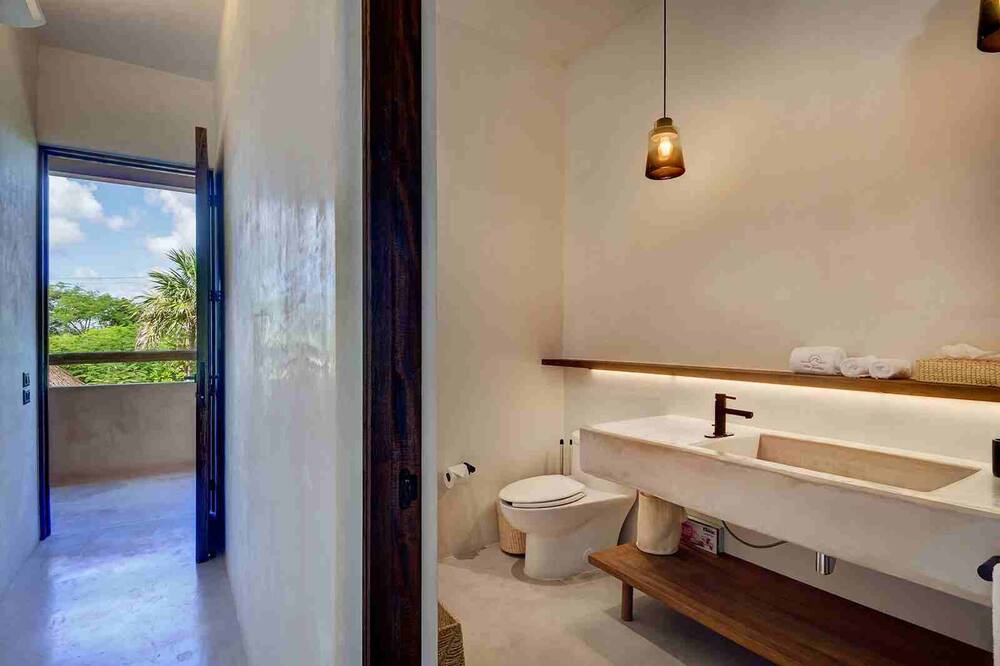 Photo of Bathroom in Ek Balam Village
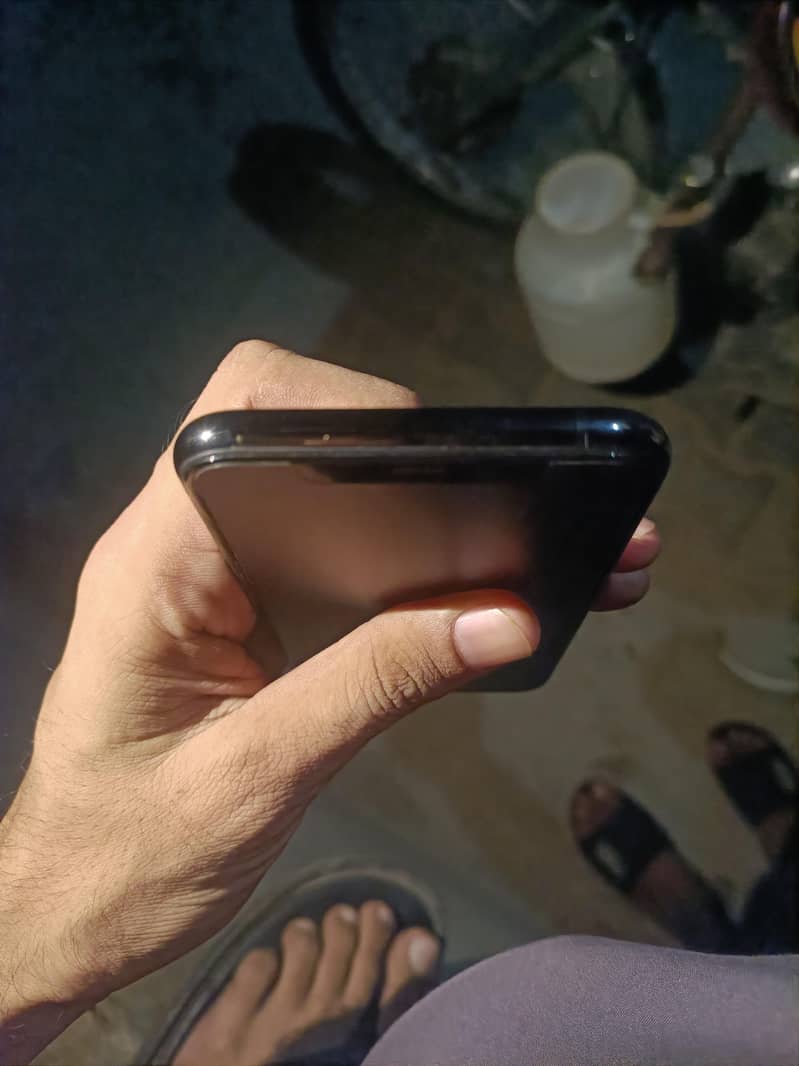 Apple iPhone 11 Pro 1
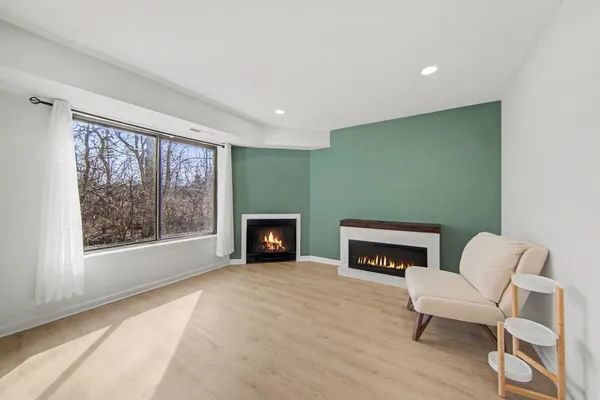 $235,000 | 300 Briarcrest Drive, Unit 140, Ann Arbor, MI 48104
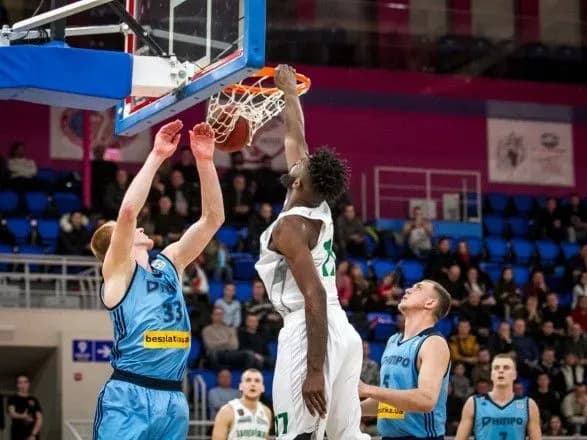 Бросок Мишулы принес "Днепру" победу в первой игре четвертьфинала Кубка Украины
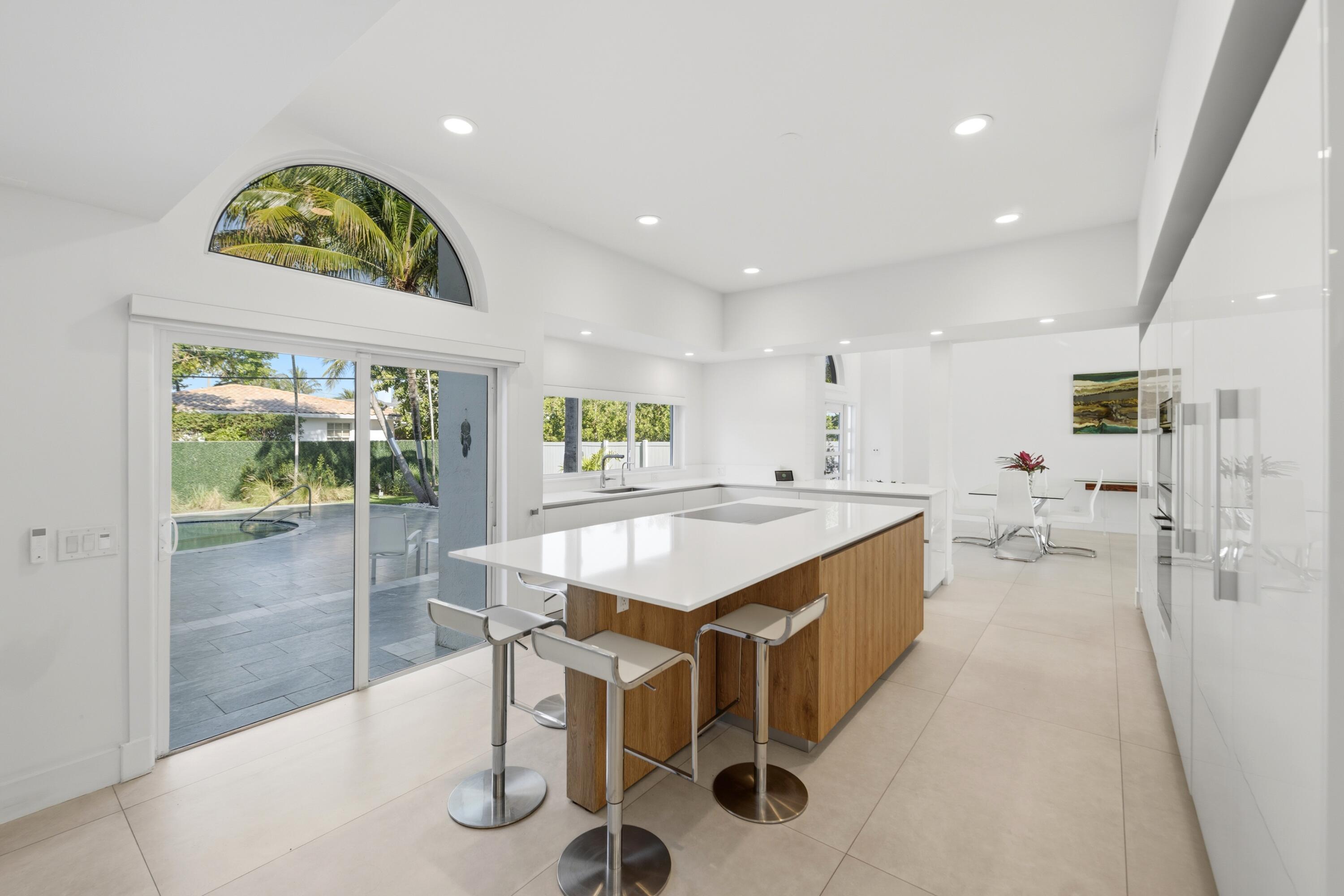 607 Intracoastal Drive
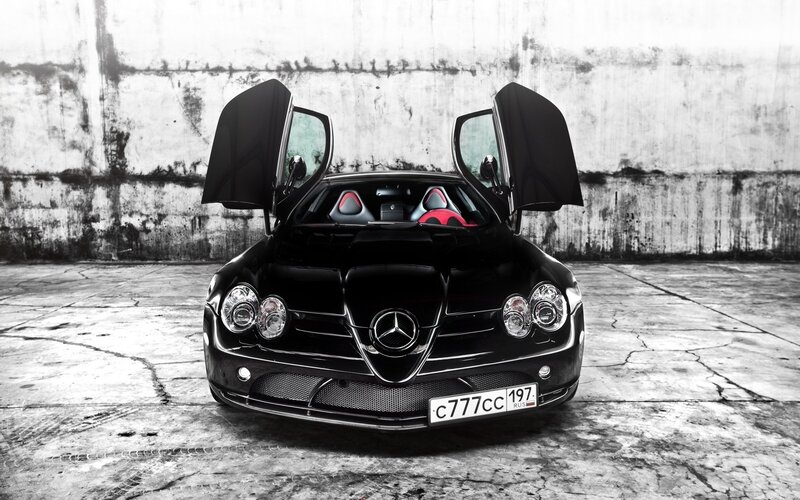 Black Mercedes-Benz SLR McLaren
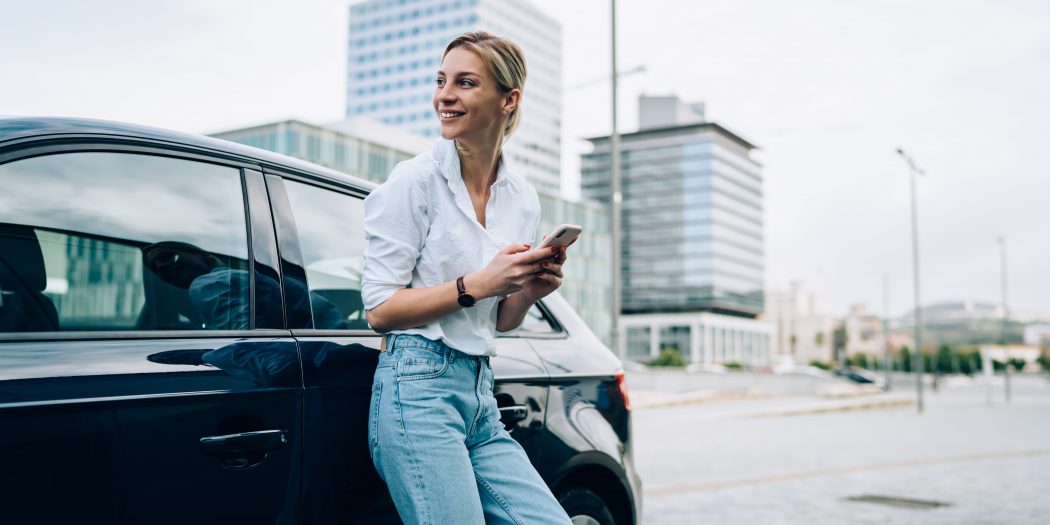 kobieta samochód strefa parkowania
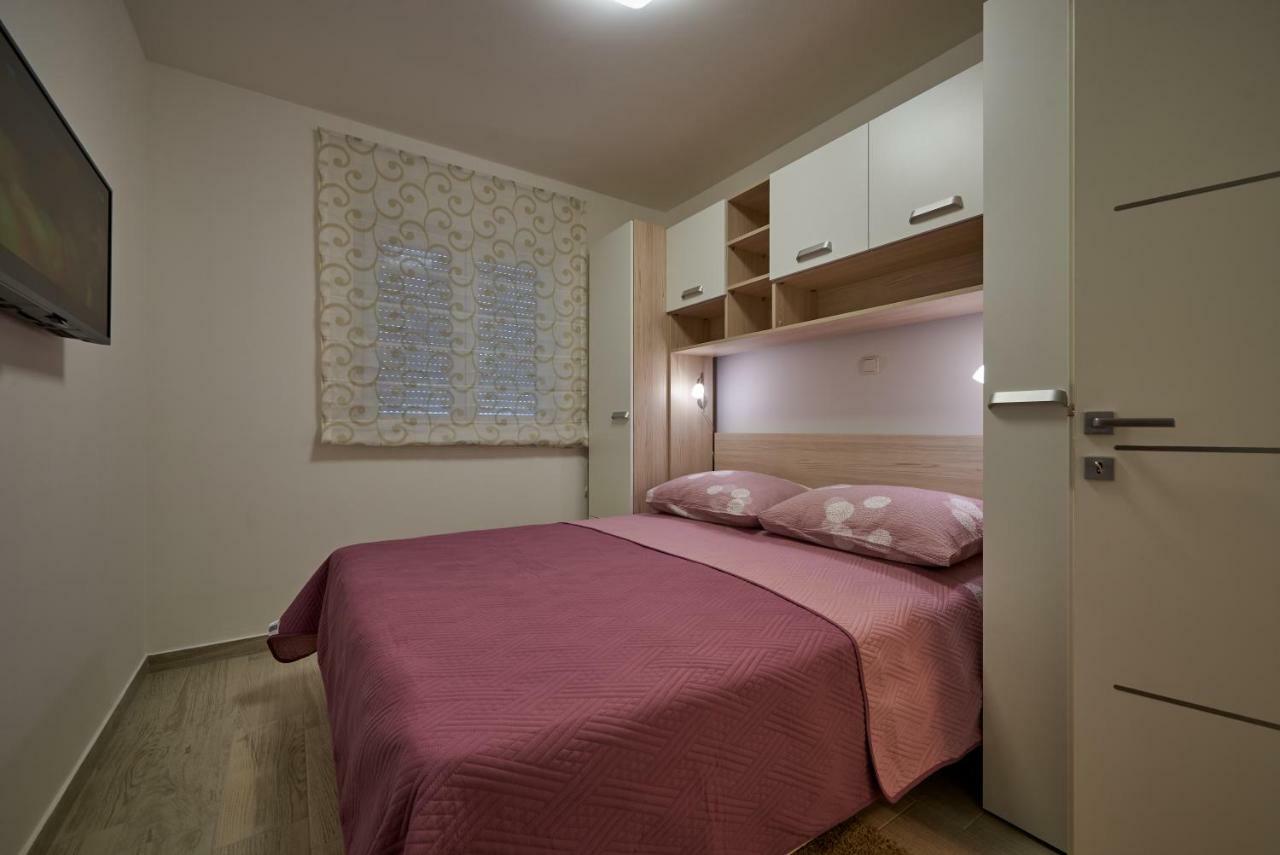 Apartman Jakov Apartamento Trogir Exterior foto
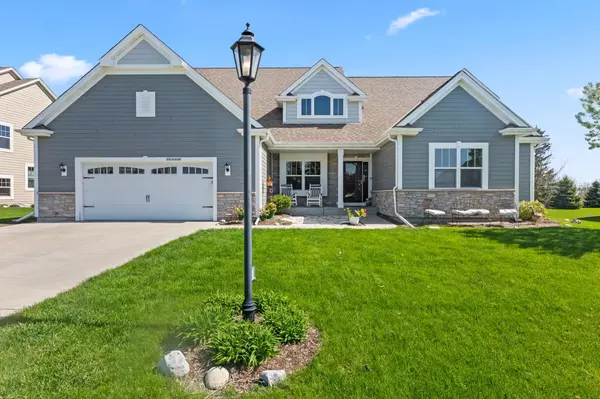 Pewaukee, WI 53072,N28W24340 Single Tree COURT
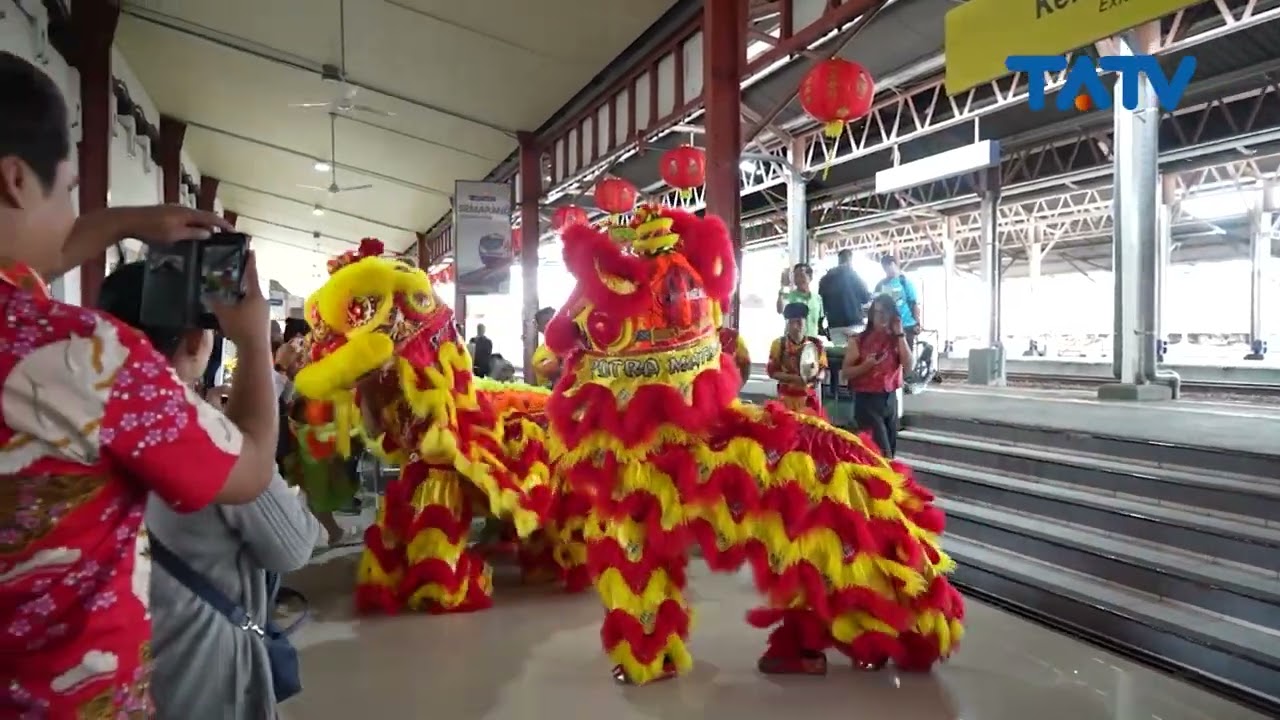 Rayakan Imlek 2577, Stasiun Semarang Tawang Hadirkan Atraksi Barongsai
• • • •
- [Assignment]:
Wherever a picture appears in the records above, skip it and retype everything else exactly.

- [Completed exercise]:
 Photo of Bathroom in Ek Balam Village
 Apple iPhone 11 Pro 1
 $235,000 | 300 Briarcrest Drive, Unit 140, Ann Arbor, MI 48104
 Бросок Мишулы принес "Днепру" победу в первой игре четвертьфинала Кубка Украины
 607 Intracoastal Drive
 Black Mercedes-Benz SLR McLaren
 kobieta samochód strefa parkowania
 Apartman Jakov Apartamento Trogir Exterior foto
 Pewaukee, WI 53072,N28W24340 Single Tree COURT
 Rayakan Imlek 2577, Stasiun Semarang Tawang Hadirkan Atraksi Barongsai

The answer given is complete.